The Japanese government was the first to get a glimpse of the implementing rules and regulations (IRR) of the Comprehensive Automotive Resurgence Strategy (CARS) scheme, as Manila is banking on the commitment of Japanese automakers that they will join the program once it is officially rolled out.
A ranking trade official said Trade Secretary Gregory L. Domingo presented the CARS Program and the draft IRR to Japanese officials during the Japan-Philippines bilateral meeting on the sidelines of the Asia- Pacific Economic Cooperation meeting in Manila last week.
The said program offers P27 billion worth of incentives, plus nonfiscal perks, in a bid to spur auto production in the country.
“We felt the need to present it to the Japanese officials to update them on the progress of the program,” the source said.
Japanese car brands, as the dominant players in the Philippine auto industry, have been expressing their desire to participate in the country’s CARS Program. Automotive is also a major component of the Philippines-Japan Economic Partnership Agreement.
According to Board of Investments (BOI) Executive Director Corazon Halili-Dichosa, the IRR of the much-awaited CARS Program has been transmitted to Domingo last week and is now ready for the final round of consultations and signing.
Toyota and Mitsubishi, according to the BOI, are the likely participants in the program, but are waiting for the IRR’s release to determine if they can meet its hurdles or not.
Draft IRR
In the draft IRR, the model life budget (MLB), or the fiscal support allocated per enrolled model, has two types of incentives: 40 percent of the MLB is reserved for the fixed investment support (FIS) scheme, and 60 percent will go to the production volume incentive scheme.
According to a draft of the IRR obtained by BusinessMirror, the FIS is further divided into three categories: manufacturing of body shell assembly and large plastic assemblies; common parts and shared testing facility; and production of strategic parts.
According to the annex of the IRR, strategic parts include automotive-grade fabric, engine parts and assembly, engine mount, transmissions/transaxle parts and assembly.
A trade official said these strategic parts were chosen because they are not currently being produced in the Philippines at acceptable standards.
To be eligible for the FIS, participant car makers (PCMs) and registered parts makers must manufacture all “large plastic assemblies and no less than 50 percent, by weight, of the ‘body shell assembly’ covered in the program within three years of getting the certificate of registration from the BOI.”

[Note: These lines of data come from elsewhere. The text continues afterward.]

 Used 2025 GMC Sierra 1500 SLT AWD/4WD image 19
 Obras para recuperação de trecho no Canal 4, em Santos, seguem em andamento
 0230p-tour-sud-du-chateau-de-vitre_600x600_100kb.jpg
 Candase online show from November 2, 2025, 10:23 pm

According to the CARS Program executive order, the body shell assembly consists of the full set of metal components that goes from the body shop to the paint shop for one vehicle.

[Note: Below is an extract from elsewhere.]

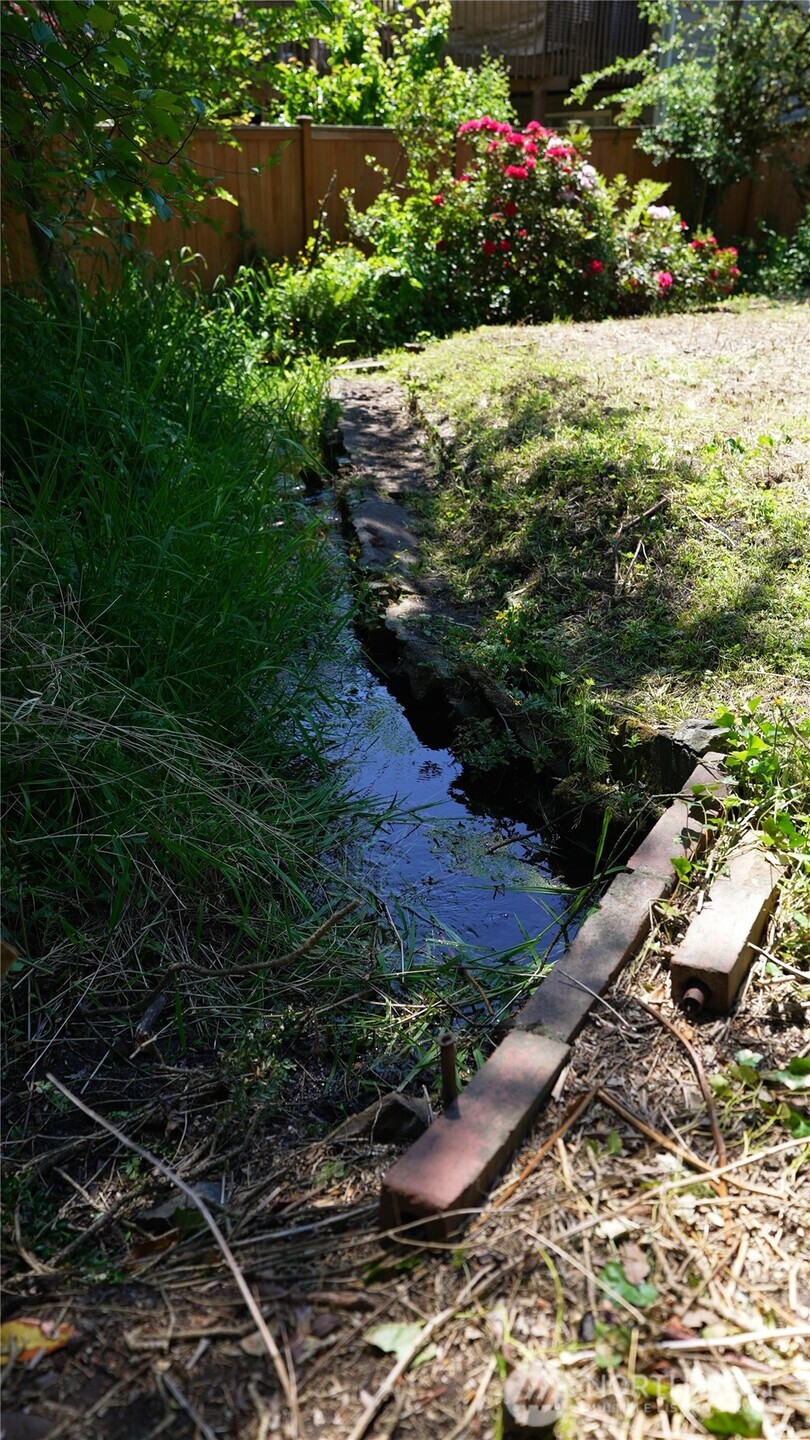 19054 Ne 18th Ave Property Photo 10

Large plastic parts refer to all major plastic parts of bumpers, instrument panels, center controls and door trims.
The incentive is meant to entice investments in large auto parts that are currently being imported, such as large car body panels, bumpers, instrument panels and head lamps, among others.

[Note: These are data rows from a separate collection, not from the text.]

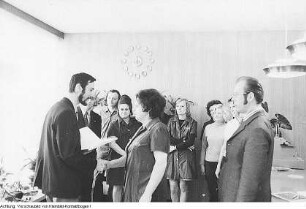 Dienstleistungen, 1972-1975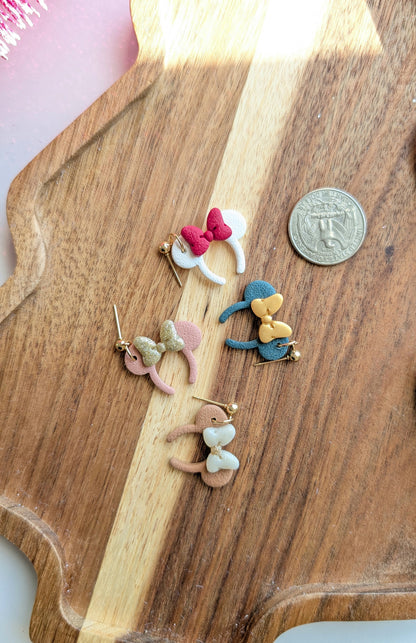 MOUSE WITH BOW DANGLES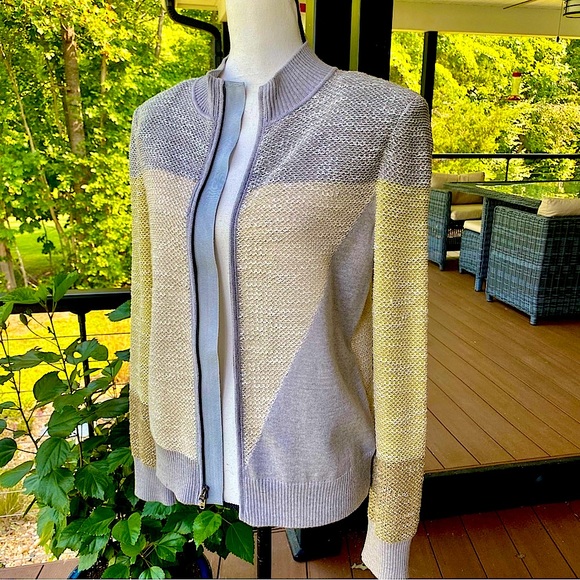 HP🤩⭐️🌷ST JOHN Beautiful Knit zip-up mock turtleneck sweater💗 Lovely tones🌷💗 - Picture 4 of 15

Moreover, based on the draft IRR, models that have been previously enrolled in the Motor Vehicle Development Program (MVDP) of the DTI can still be registered after the effectivity of the CARS Program, subject to requirements.
“In such cases, the PCM’s qualified investments made prior to the registration to the CARS Program for the model may be considered for the FIS, provided these are indicated in the PCM’s MVDP application,” the IRR read.
The CARS Program, seen as the cornerstone of the government’s Manufacturing Resurgence Program (MRP), envisions the Philippines to become a major auto-manufacturing hub in Asia. The country is currently a laggard in the Asean region in car production.